▶ _Exercise requirements_:
The line containing "Stylish living room" marks the start; please restate exactly that line and only the lines following it through the end of the material below.

▶ _Source material_:
┌────────

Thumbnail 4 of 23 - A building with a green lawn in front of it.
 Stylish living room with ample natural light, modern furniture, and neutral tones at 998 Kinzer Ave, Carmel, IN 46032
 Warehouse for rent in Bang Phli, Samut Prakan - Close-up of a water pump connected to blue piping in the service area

└────────

▶ _Result of this exercise_:
 Stylish living room with ample natural light, modern furniture, and neutral tones at 998 Kinzer Ave, Carmel, IN 46032
 Warehouse for rent in Bang Phli, Samut Prakan - Close-up of a water pump connected to blue piping in the service area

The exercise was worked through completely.